WHAT THIS TASK INVOLVES: The full set of lines below has to be duplicated exactly, with no picture kept.

RECORDS FOR THE TASK:

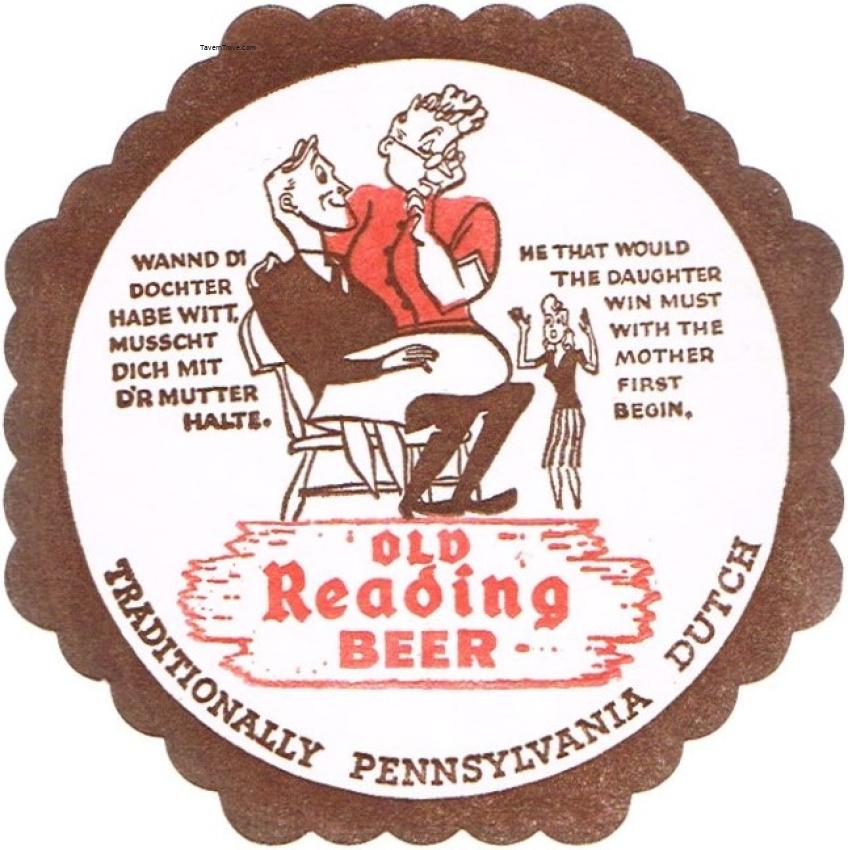 Old Reading Beer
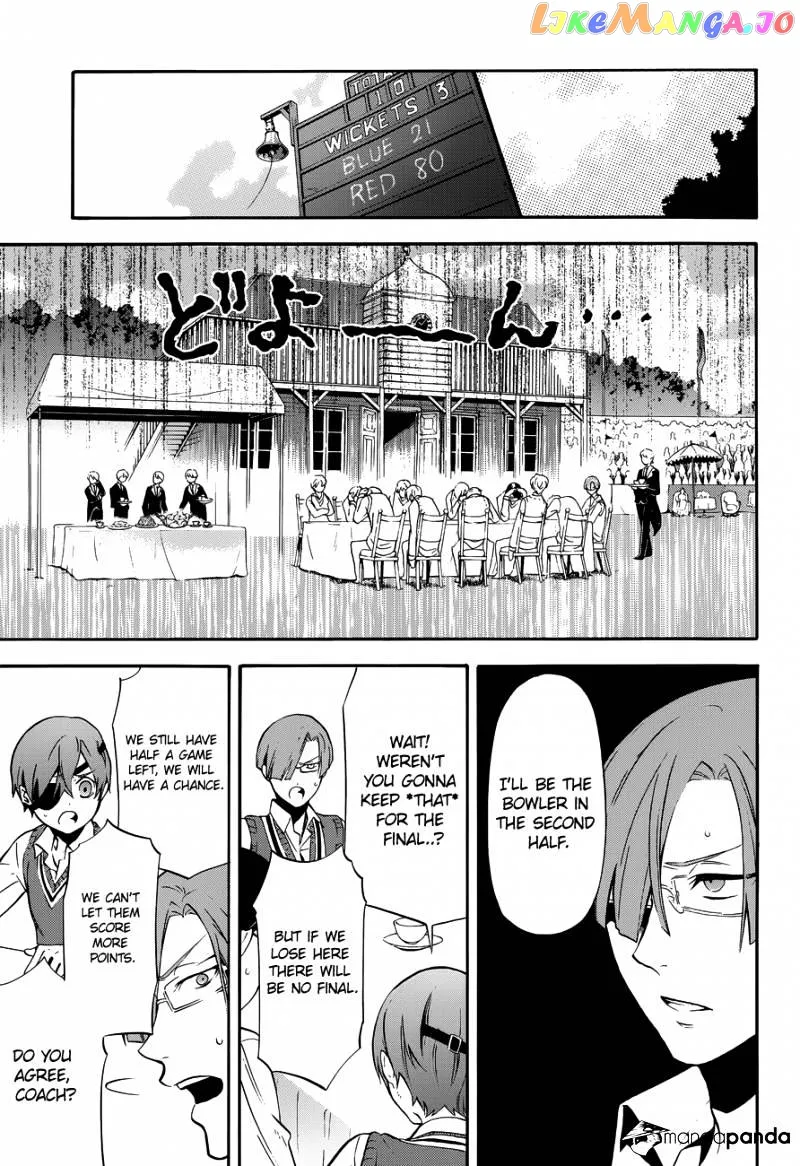 Kuroshitsuji  Manga Chapter 76 page 22 - 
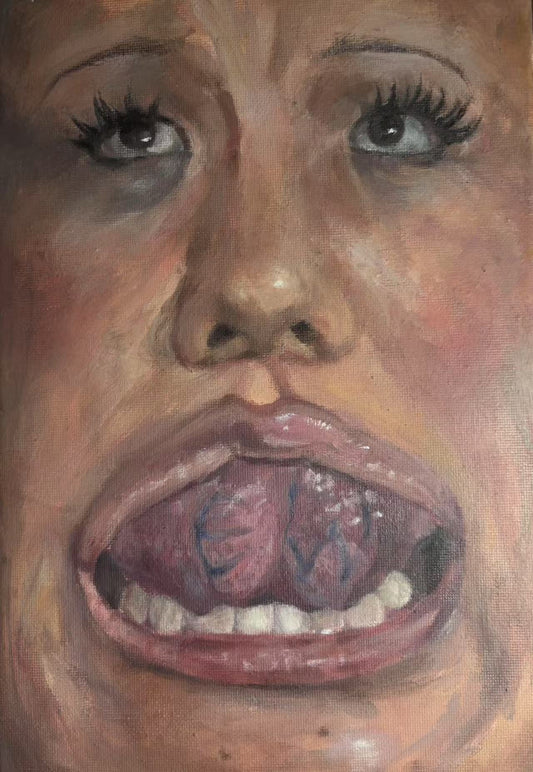 EW Oil on Canvas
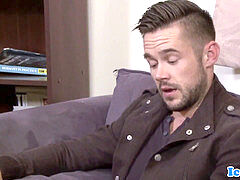 uber-sexy muscle wolves bedroom penetrating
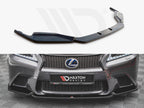 Maxton Design - FRONT SPLITTER V.1 LEXUS GS F SPORT MK4 (L10) (2012-2015)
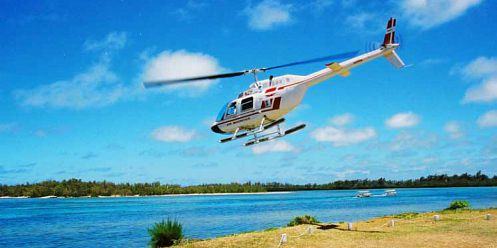 helicopter tours kingston jamaica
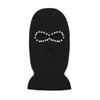 Berets 3 Holes Face Mask For Creative Cover Balaclava Outdoor One Size Fits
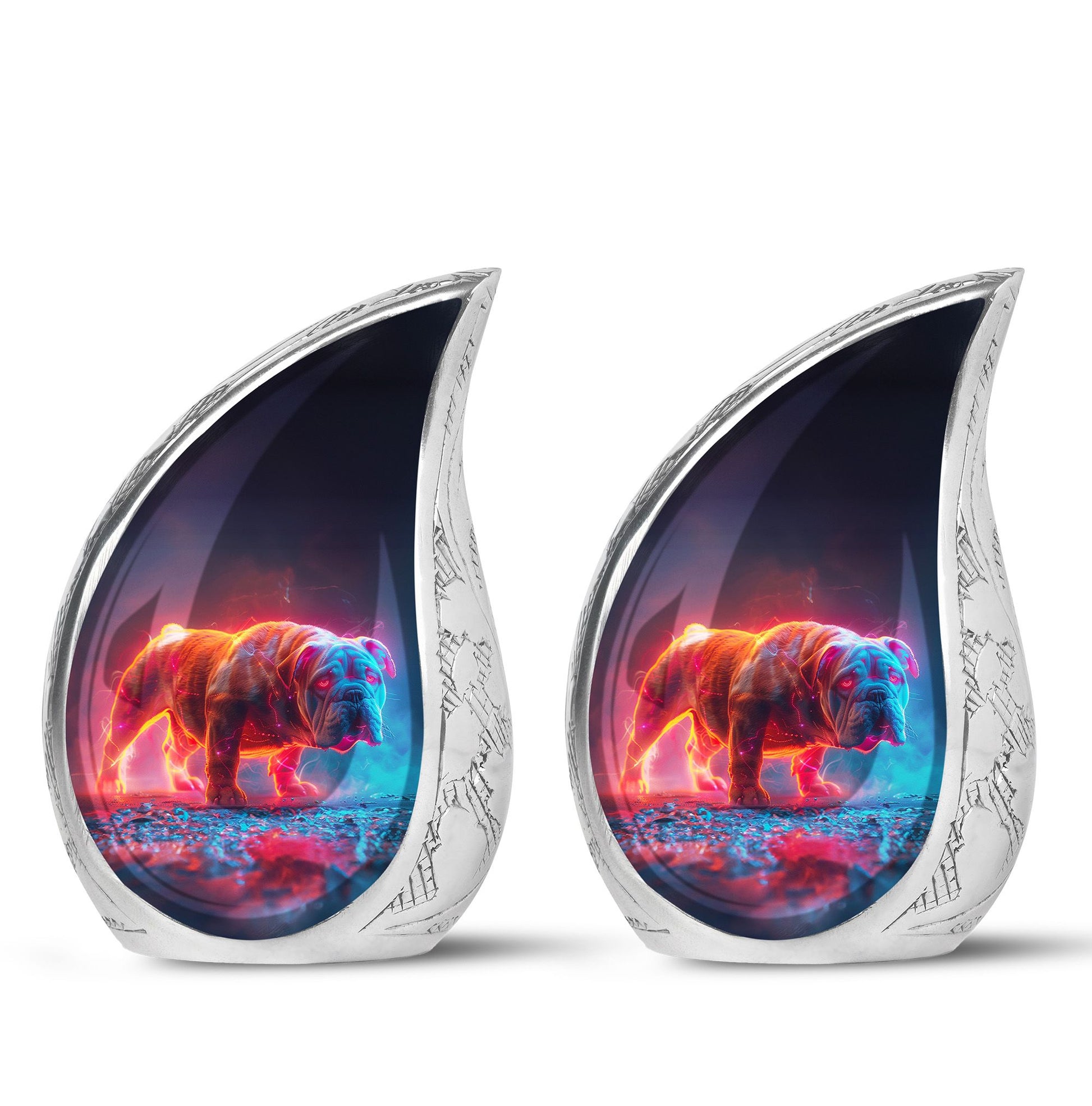 Bulldog Cremation Urns For Human Ashes - Cremation Urn For Men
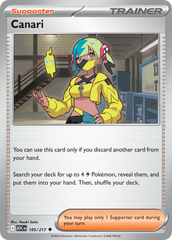 Canari - 185/217 - Ascended Heroes
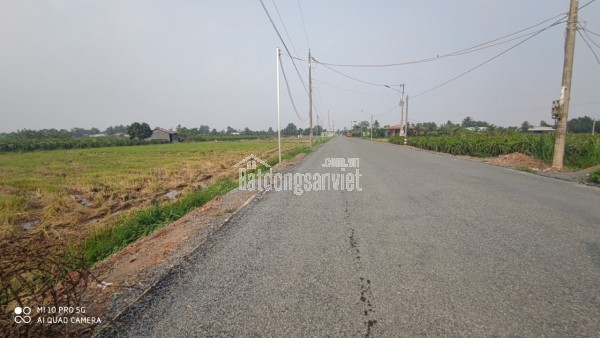 Bán gấp nhà ngay chân Cầu Chợ Tân Trụ giá 3 tỷ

ANSWER TO THIS PROBLEM:
 Old Reading Beer
 Kuroshitsuji  Manga Chapter 76 page 22 - 
 EW Oil on Canvas
 uber-sexy muscle wolves bedroom penetrating
 Maxton Design - FRONT SPLITTER V.1 LEXUS GS F SPORT MK4 (L10) (2012-2015)
 helicopter tours kingston jamaica
 Berets 3 Holes Face Mask For Creative Cover Balaclava Outdoor One Size Fits
 Bulldog Cremation Urns For Human Ashes - Cremation Urn For Men
 Canari - 185/217 - Ascended Heroes
 Bán gấp nhà ngay chân Cầu Chợ Tân Trụ giá 3 tỷ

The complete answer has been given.